Verizon hired several thousand temporary workers during its strike last spring to augment its existing workforce of nonunion workers.

"But they were not intended to be replacement workers," Verizon spokesman Rich Young said. More than 35,000 Verizon union workers picketed in April throughout the Northeast, including about 500 people in the Lehigh Valley and Berks County. A new labor pact was reached in late May.

Young said the contingency workers knew from the outset that their employment was a finite period.

"It would not have been a healthy environment to keep the temporary workers while the striking workers were back at work," Young said. "That would have caused unnecessary strains not productive for either side."

Union leaders, such as Ed Mooney of the Communications Workers of America – one of two unions to strike Verizon – say companies typically hold the threat of bringing in replacement workers as a strategy to break a union.

"The signal to hire replacement workers, or scabs, is a signal that yeah, they're trying to bust the union," said Rick Bloomingdale, president of the Pennsylvania AFL-CIO. "We think the company is wrong to be hiring scabs, hiring workers to take the food off somebody's else's table."

No one wins when a company brings in outside workers, then ultimately settles a union contract and joins the union workers with replacement employees, according to Bloomingdale.

"It's ugly. It doesn't bode well for labor-management relations," he said. "It would be like working next to somebody who broke into your house and stole your food."

Pye insisted the company is not out to break the local.

"The union walked out on us," he said. "In order for us to keep making candy, to keep our candy on store shelves and ultimately keep our doors open, we have to hire replacement workers."

Company officials, union leadership and Just Born workers have said pensions remain the primary sticking point in the dispute. The workers belong to a multi-employer pension that services more than 100,000 workers and retirees from many companies.

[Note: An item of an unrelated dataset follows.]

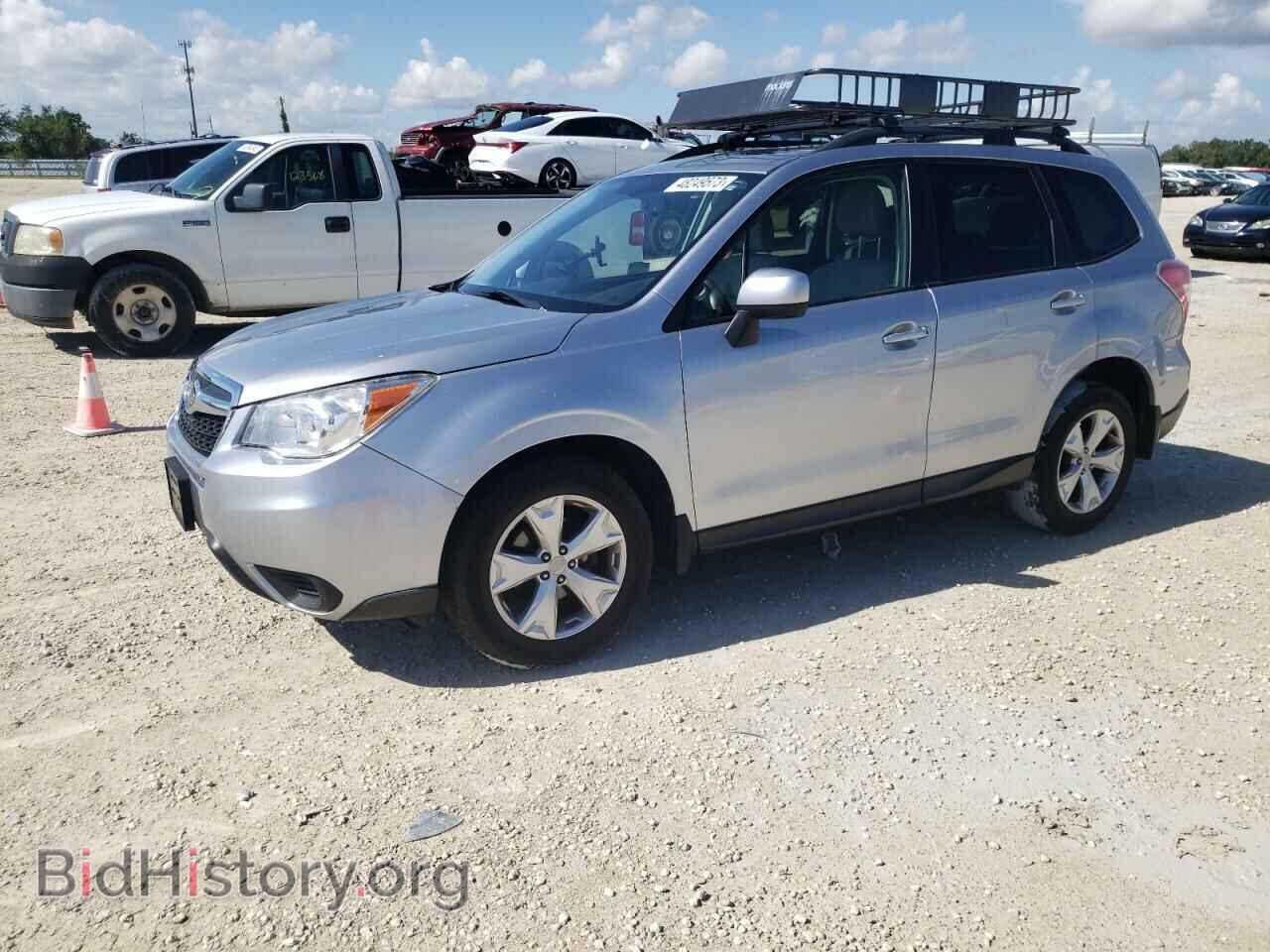 Photo JF2SJAEC2EH556920 - SUBARU FORESTER 2014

Just Born leaders want to exempt new hires from the pension, replacing it with a 401(k) savings plan. But the union says it is against the rules of the pension agreement.

The union also says Just Born's last wage proposal was "substandard," and the workers would see a hike in health insurance costs. The union also says it proposed modifications to the health insurance plan that would have offered the company substantial savings, but the company refused.

The two sides are expected to resume negotiations Wednesday with federal mediator Kevin Savidge.


About 400 union workers at Just Born Quality Confections have been on strike since Sept. 7.

•Key issue: Pensions. The company plans to keep existing workers in the current defined pension plan, which is underfunded. It wants to put new employees in a 401(k) retirement plan. The union has balked at the proposal.

•What's new? Staffing is about 40 percent of normal production and "continues to grow as we hire more replacements and additional [union] workers return to work," said Matt Pye, Just Born's vice president of corporate affairs. Striking workers have started receiving assistance checks via union funds, said John J. Price, of the Bakery, Confectionery, Tobacco Workers and Grain Millers International Union.

•What's next? Both sides have agreed to resume negotiations with a federal mediator beginning Wednesday.